Louisiana trial court judges earn between $176,188 and $195,627, depending on whether they served at the district, appellate or Supreme Court level. Scott said the raises, which would run from 14% to 15.9% in the next year alone, would move the judges closer to the purchasing power they had in 1983. 

State judges have seen some form of an annual pay increase going back to at least 2019, when the first of five straight years of 2.5% hikes took effect. Even when legislators rejected permanent pay raises for judges over the past two years, they found a workaround to provide the judges with essentially the same increase, albeit on a temporary basis, through pay stipends

The commission’s newly adopted pay scales for the judges are only suggestions. Gov. Jeff Landry and Louisiana lawmakers ultimately have to weigh the higher salaries against other state expenses and decide whether to approve them. 

Yet legislators rarely turn down the judiciary request for pay raises. A critical mass of lawmakers from both political parties in the Louisiana Legislature are attorneys who have to appear in those judges’ courtrooms for their day jobs. 

Dynamics

The dynamic makes it awkward for lawmakers to reject judges’ requests for additional compensation.The legislature created the Judicial Compensation Commission, in part, to create a buffer between themselves and the judges to evaluate more independently what their pay should be. 

The 15 commission members include legislators, judges, attorneys and at least five members of the general public who must not be attorneys or elected officials. 

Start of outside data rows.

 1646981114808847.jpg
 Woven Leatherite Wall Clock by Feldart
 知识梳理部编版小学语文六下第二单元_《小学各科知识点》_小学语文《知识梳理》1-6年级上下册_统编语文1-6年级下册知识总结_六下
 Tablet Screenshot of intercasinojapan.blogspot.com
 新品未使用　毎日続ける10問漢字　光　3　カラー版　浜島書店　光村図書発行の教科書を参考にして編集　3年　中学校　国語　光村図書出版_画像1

Some of those general public members have close ties to judges, however. For example, House Speaker Phillip DeVillier, R-Eunice, appointed Rebekah Cole, who is married to Supreme Court Justice Cade Cole, to one of the seats. 

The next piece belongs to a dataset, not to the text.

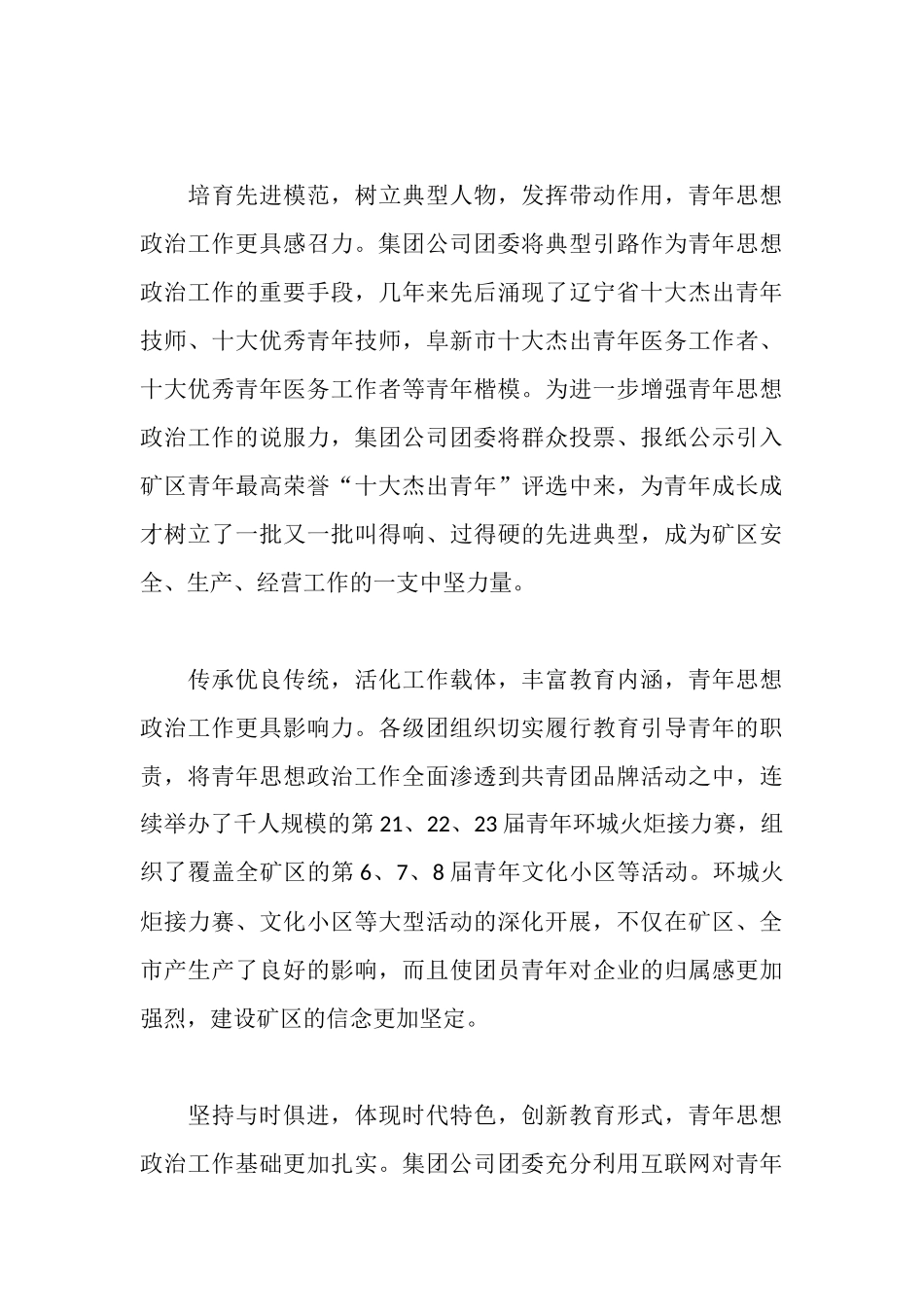 在团代会上的工作报告_第3页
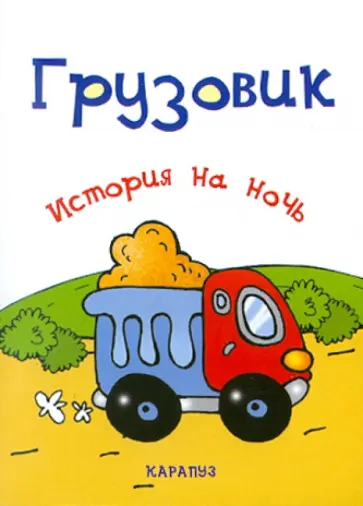 Елена Янушко - История на ночь. Грузовик обложка книги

The question of what is appropriate judicial compensation has become a touchier issue in recent years. Supreme Court Chief Justice John Weimer has made it a personal mission to rein in spending on judges’ salaries and other personal perks, such as state per diem payments they receive for travel and meals.

“The pennies become dollars and the dollars become millions over a period of time,” Weimer told the commission Monday. 

National Center for State Courts

A study by the National Center for State Courts concluded Louisiana’s district court judges had the 17th highest compensation in 2023 compared to their peers in other states. Salaries for most other positions in Louisiana often fall well below the national average. 

But Scott and individual members of the judiciary have pushed back on the study’s conclusions. They said it doesn’t account for the financial perks judges receive in other states or the high rate at which judges are asked to pay into their retirement accounts.

“We are tens of thousands of dollars behind,” Supreme Court Associate Justice John Michael Guidry said in testimony before the commission. 

Guidry and several other judges vehemently disagree with Weimer that judicial compensation needs to be curbed, so much so that the chief justice regularly gets outvoted by his colleagues when it comes to budgetary matters. 

This year, Weimer tried a different tactic to get his message across to the compensation commission. He worked with his own economist to counter Scott’s arguments and analysis, but the person didn’t come to the hearing to testify with Weimer. The chief justice withheld the economist’s name, saying he feared they might face retaliation from judges. 

Judicial compensation increases also affect far more than judges. A number of elected officials across the state, such as sheriffs and parish presidents, have their salaries tied to judiciary compensation in state law. When judges get a raise, many other public servants automatically see an increase in compensation as well, said former state Sen. Edwin Murray, D-New Orleans, who leads the commission.